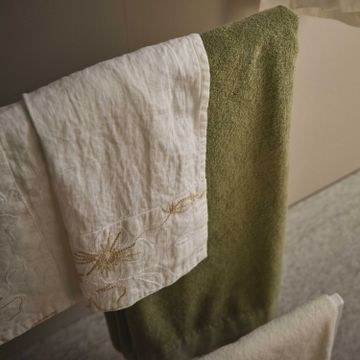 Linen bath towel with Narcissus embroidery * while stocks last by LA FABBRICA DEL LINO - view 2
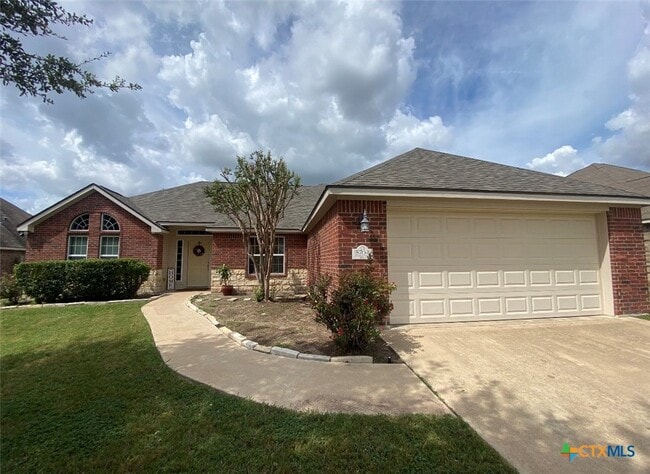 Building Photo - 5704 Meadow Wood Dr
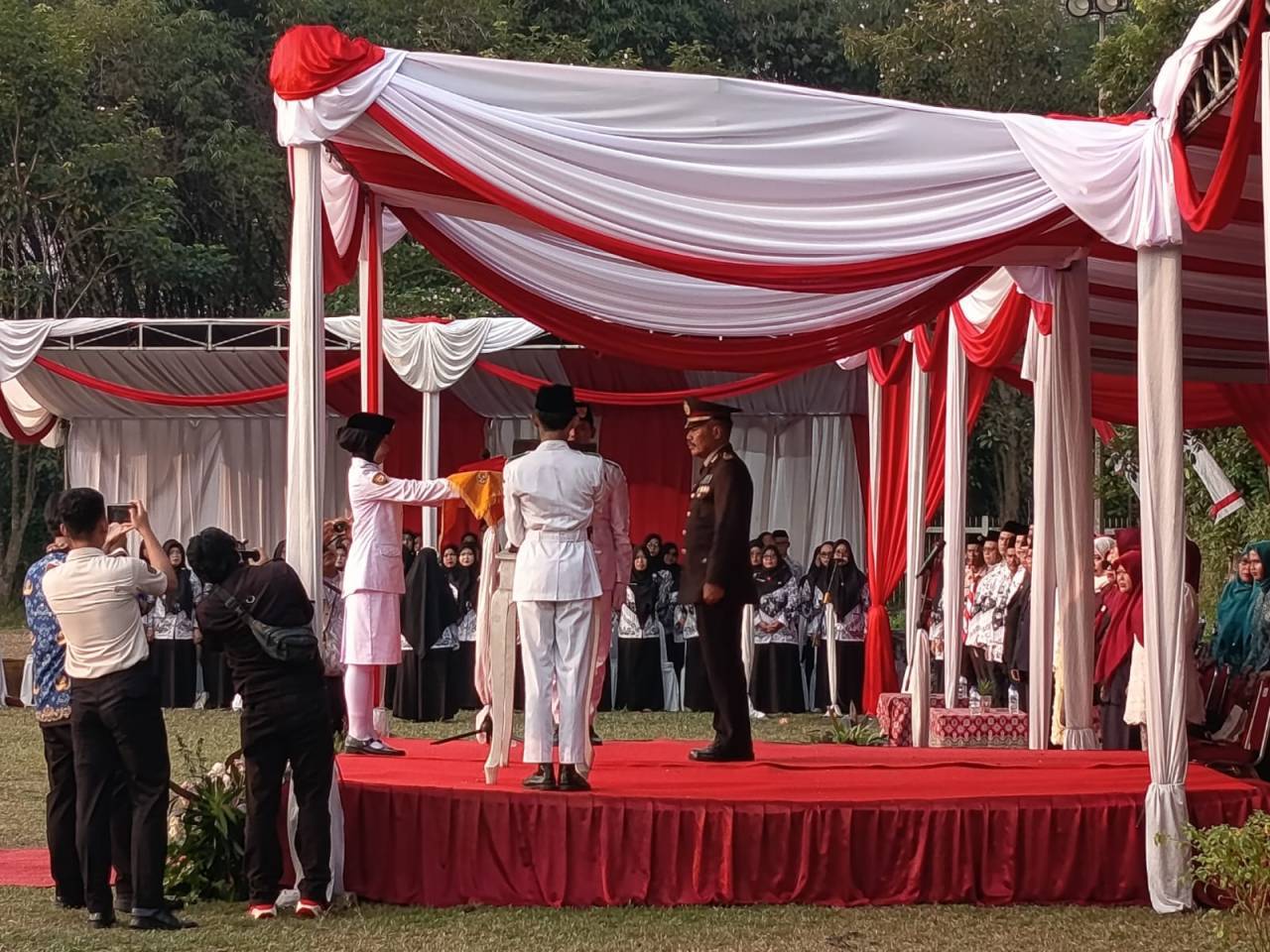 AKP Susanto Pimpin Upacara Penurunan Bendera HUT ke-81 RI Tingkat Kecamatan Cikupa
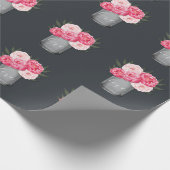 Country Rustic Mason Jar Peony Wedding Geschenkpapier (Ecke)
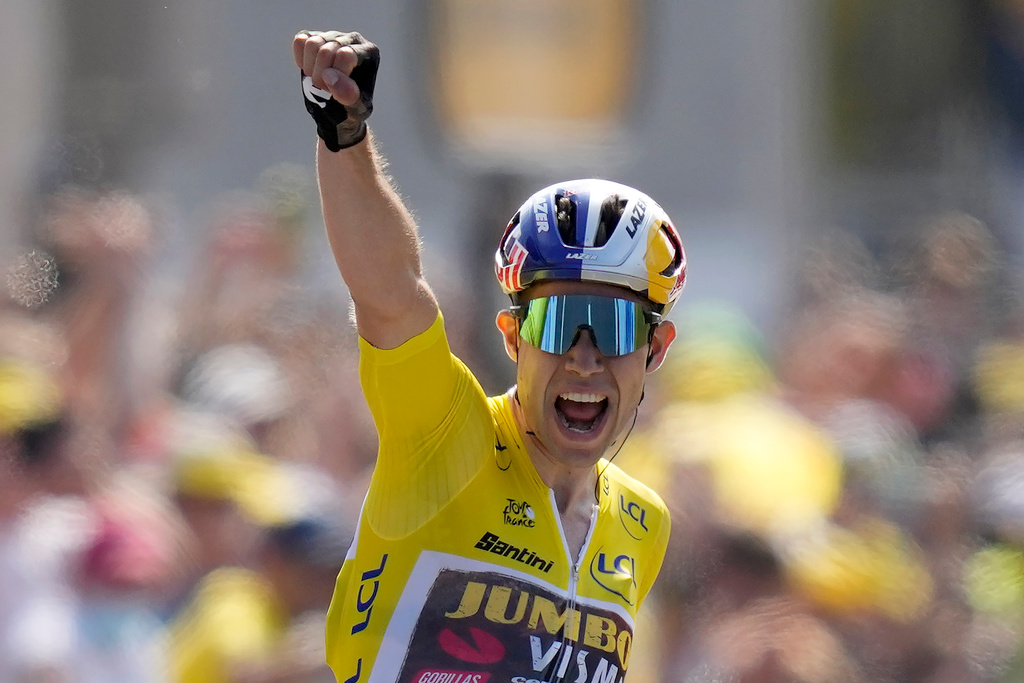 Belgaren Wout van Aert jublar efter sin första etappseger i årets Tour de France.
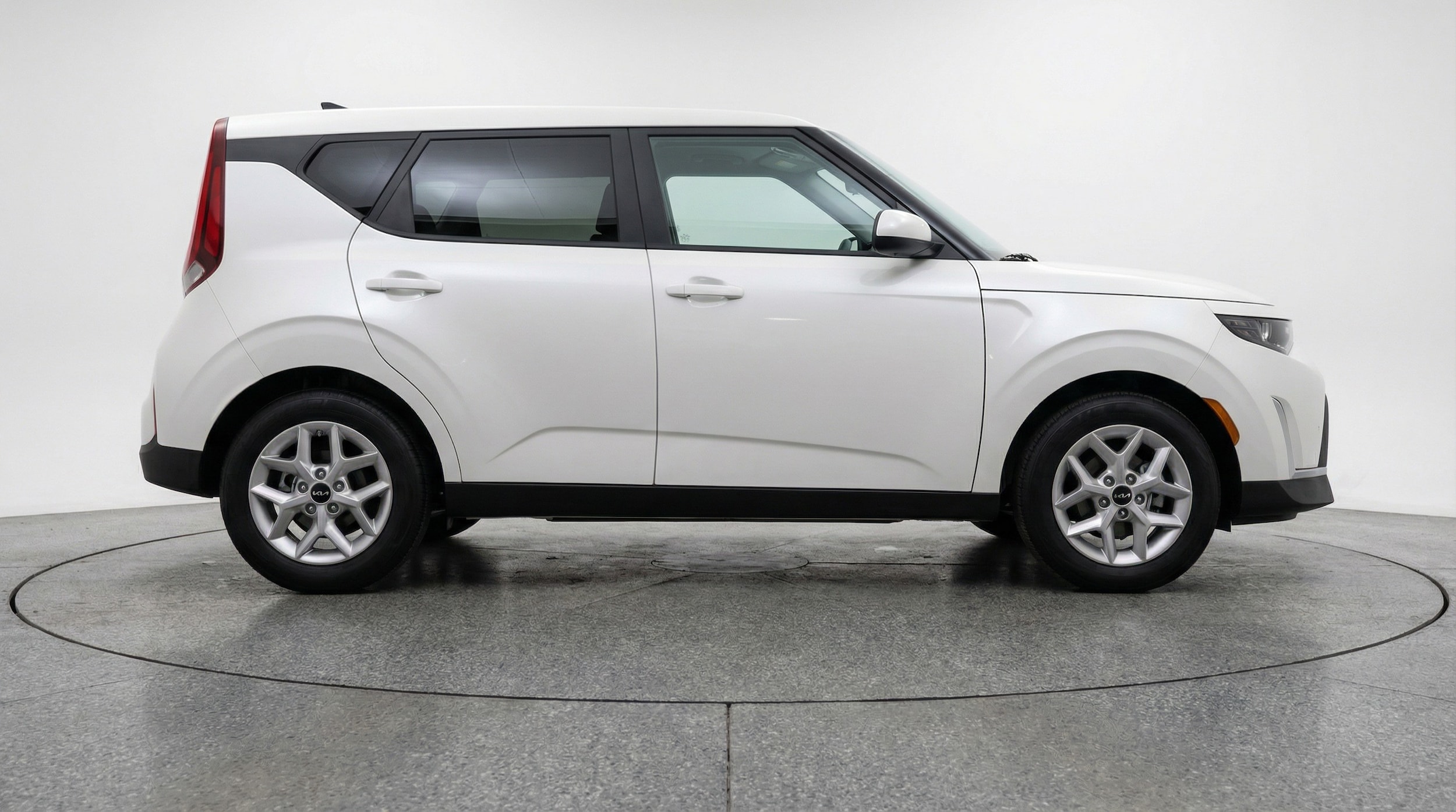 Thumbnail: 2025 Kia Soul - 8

> [WHAT YOU WILL DO]
Would you transcribe exactly, and only, the lines from the one containing "Belgaren Wout van" through the last line of the records above, both included, leaving out the pictures?

> [TASK OUTPUT]
 Belgaren Wout van Aert jublar efter sin första etappseger i årets Tour de France.
 Thumbnail: 2025 Kia Soul - 8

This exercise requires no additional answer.